◆ **EXERCISE GOAL**:
Only lines, not pictures: please repeat exactly the lines from the one with "Dreamwizor Ballerina Snow" through the end of the listing.

——————————

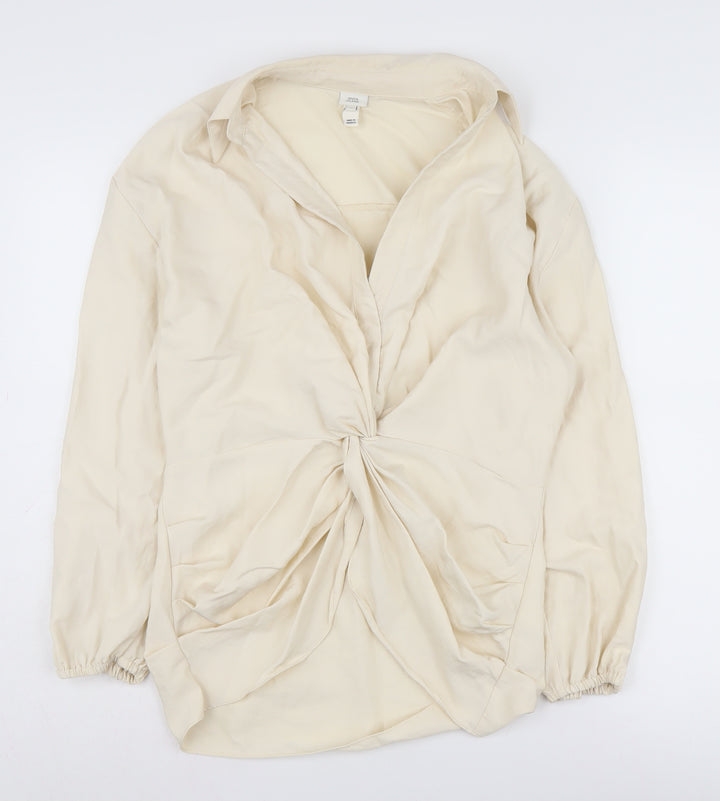 River Island Women's Beige Wrap Blouse Size 8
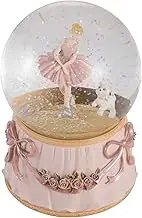 Dreamwizor Ballerina Snow Globe Plays Greensleeves Music Ballet Dancing Girl with Puppy Rotating Mechanical and Musical Glass Snowglobe 4 Inches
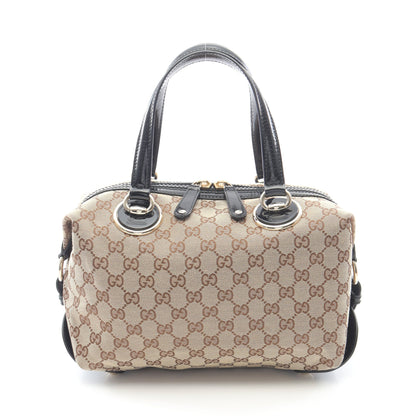 GGキャンバス ハンドバッグ キャンバス エナメルレザー ベージュ ブラック グッチ バッグ GUCCI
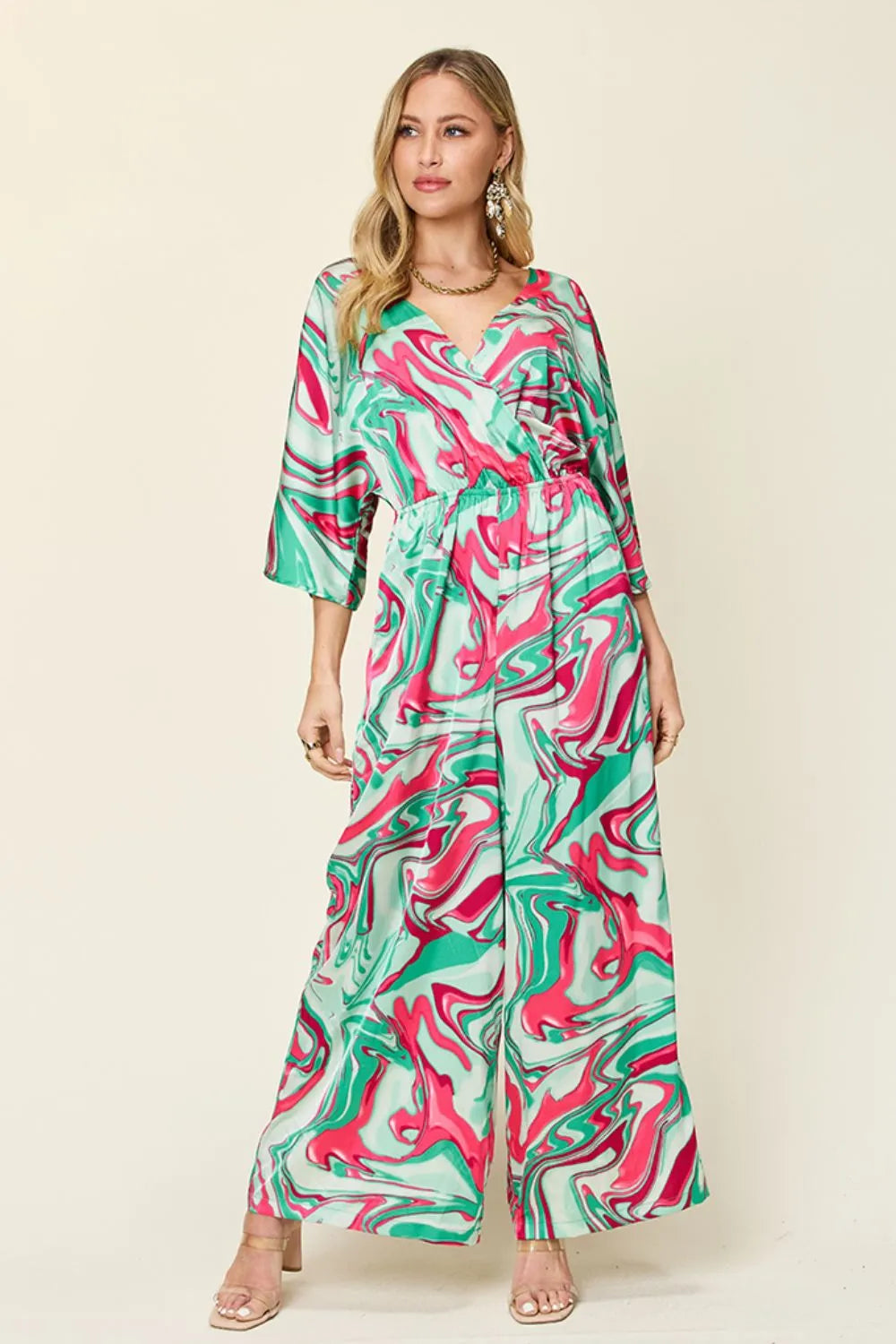 Double Take Full Size Half Sleeve Wide Leg Jumpsuit in Green, view 2
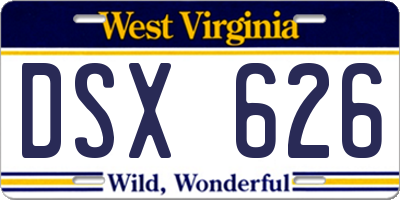 WV license plate DSX626
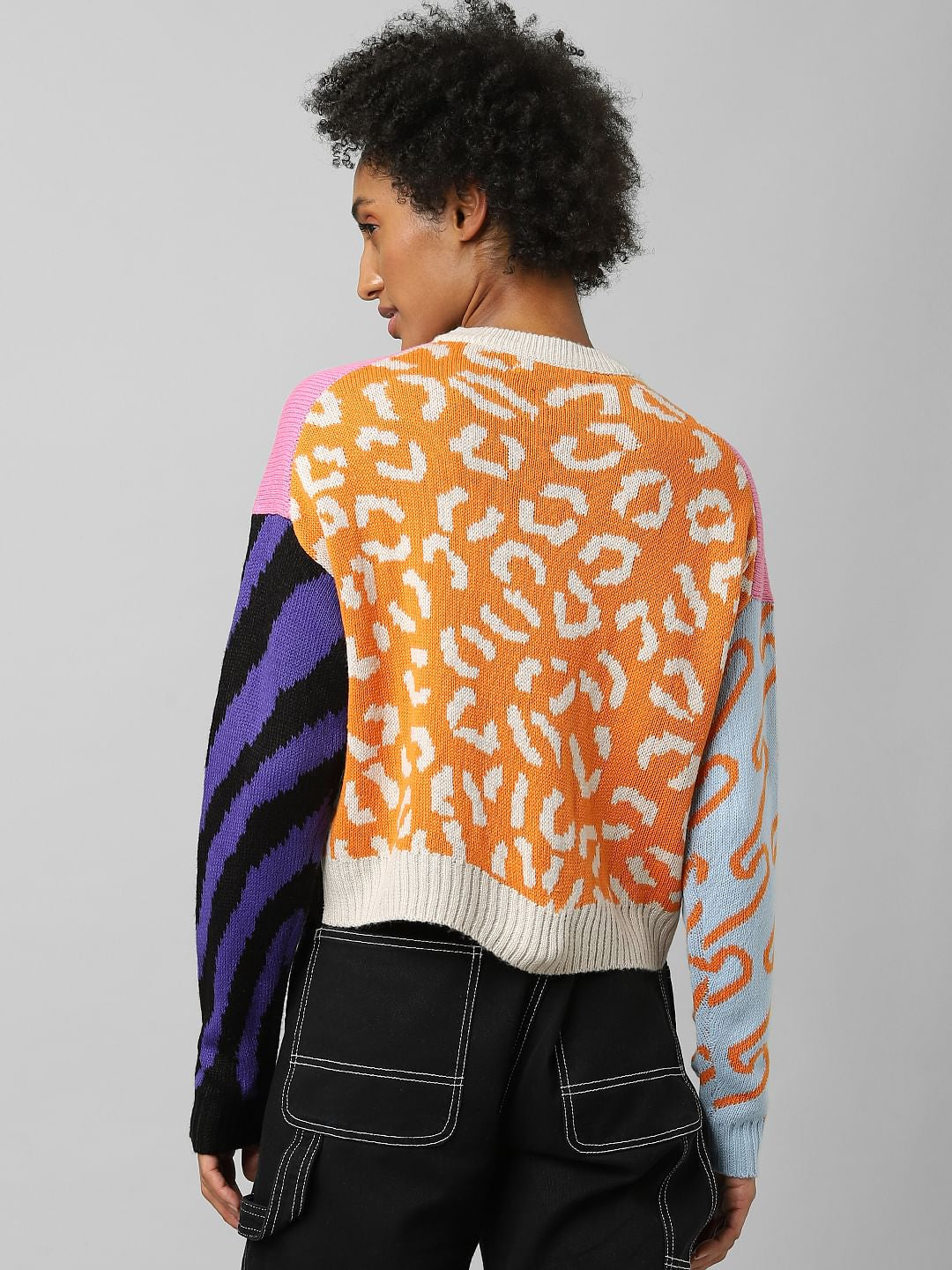 Pink Colourblocked Jacquard Knit Pullover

——————————

◆ **RESULT OF THE TASK**:
 Dreamwizor Ballerina Snow Globe Plays Greensleeves Music Ballet Dancing Girl with Puppy Rotating Mechanical and Musical Glass Snowglobe 4 Inches
 GGキャンバス ハンドバッグ キャンバス エナメルレザー ベージュ ブラック グッチ バッグ GUCCI
 Double Take Full Size Half Sleeve Wide Leg Jumpsuit in Green, view 2
 WV license plate DSX626
 Pink Colourblocked Jacquard Knit Pullover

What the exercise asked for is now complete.